A new study looks at the effectiveness of seven artificial intelligence-based screening algorithms for diagnosing diabetic retinopathy, the most common diabetic eye disease for vision loss.
In a paper in diabetes care, researchers compared algorithms against the clinical expertise of retinal specialists. Five companies produced the algorithms tested in the United States (Ainec, Retina-AI Health), two in China (Airdock), one in Portugal (RateMarker), and one in France (OFTAI).
Researchers deployed algorithm-based techniques on retinal images of approximately 24,000 elderly seeking diabetic retinopathy screening at the Veterans Affairs Paget Sound Health Care System and Atlanta VA Health Care System from 2006 to 2018.
Researchers found that algorithms do not claim performance as well. Many of these companies are reporting excellent results in clinical studies. But his performance in a real-world setting was unknown.
Researchers performed a test in which the performance of each algorithm and the display of human screeners that operate in the VA teleretinal screening system were all compared to diagnoses that expert ophthalmologists had seen while viewing the same images. Were given
Three of the algorithms performed very well and one did worse when compared to physicians’ diagnoses. But the test demonstrated only one algorithm as well as human screeners.

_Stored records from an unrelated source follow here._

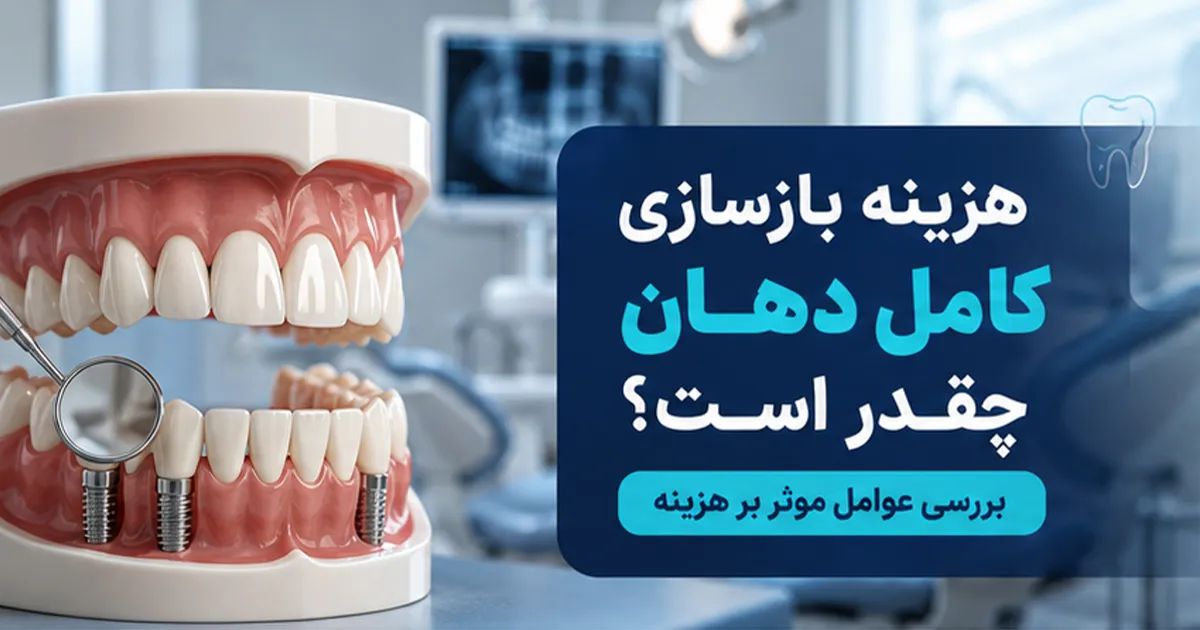 هزینه بازسازی کامل دهان چقدر است؟ (عوامل مؤثر)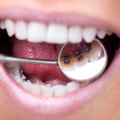 Lingual Braces: A Comprehensive Guide to Teeth Straightening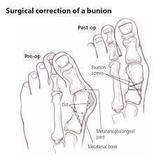 Load image into Gallery viewer, The Bunion Relief and Forefoot Protector Brace "Pair"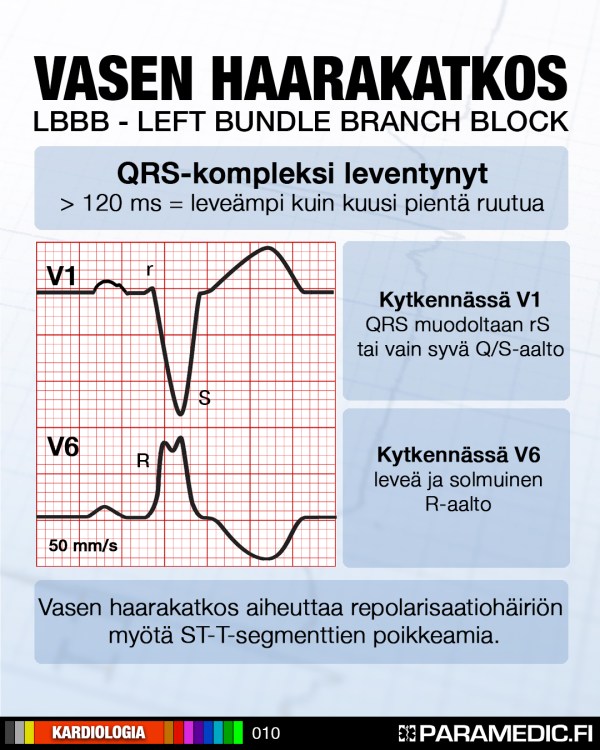 010_lbbb_v1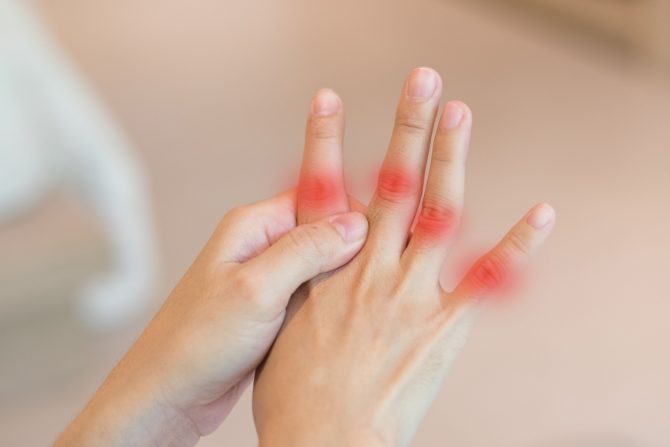 mokraćna kiselina i giht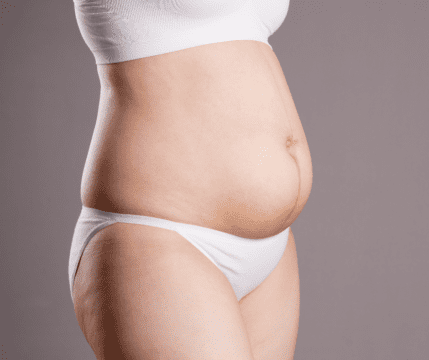 brzuch po ciąży, zdjęcie w bieliźnie od szyi do ud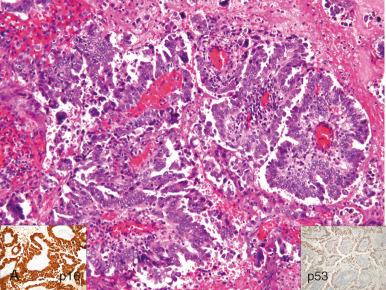 Fig. 25.41, A, Papillary “serous” carcinoma of the cervix retains a wild-type pattern of p53 immunopositivity (lower right inset). However, like high-grade ovarian serous carcinomas, it will stain strongly for p16 (lower left inset). B, A high-grade serous carcinoma (HGSC) is intensely and diffusely positive. C, Another HGSC is devoid of p53 staining, consistent with a truncating mutation.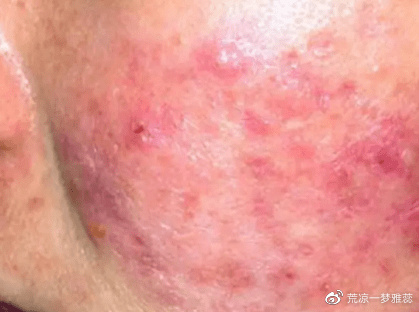 湿疹皮炎之间有什么不同点?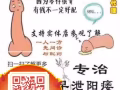 男士保健大全
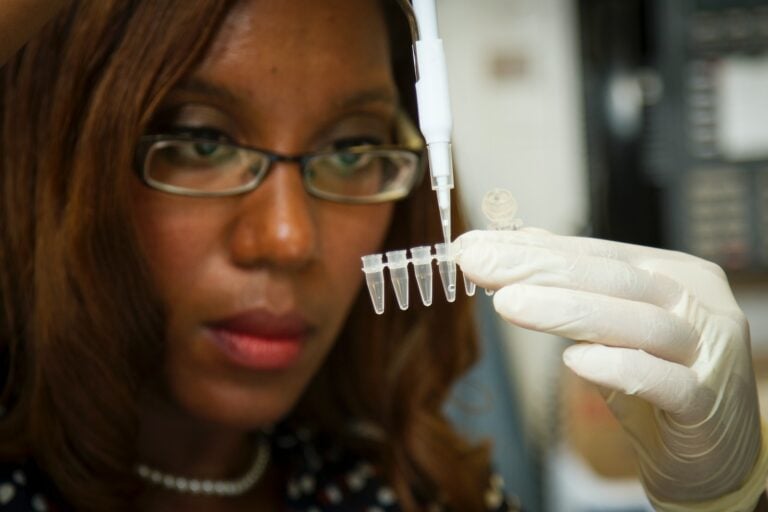 woman in black and white floral shirt holding saliva test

Led researcher Aaron Lee, assistant professor of ophthalmology at the University of Washington School of Medicine, said, “It is dangerous that some of these algorithms are not performing consistently, because they are being used somewhere in the world.”
An explanation may be the difference in camera equipment and technique. The researchers said that their testing shows how important it is for any practice that wants to use the AI Scrurr to do the first test and follow the guidelines on how to properly get patients’ eye images , Because the algorithm is designed to work with minimal quality of images.
The study also found that algorithm performance varied when analyzing images from patient populations in Seattle and Atlanta care settings. This was a surprising result and may indicate that the algorithm needs to be trained with a wider range of images.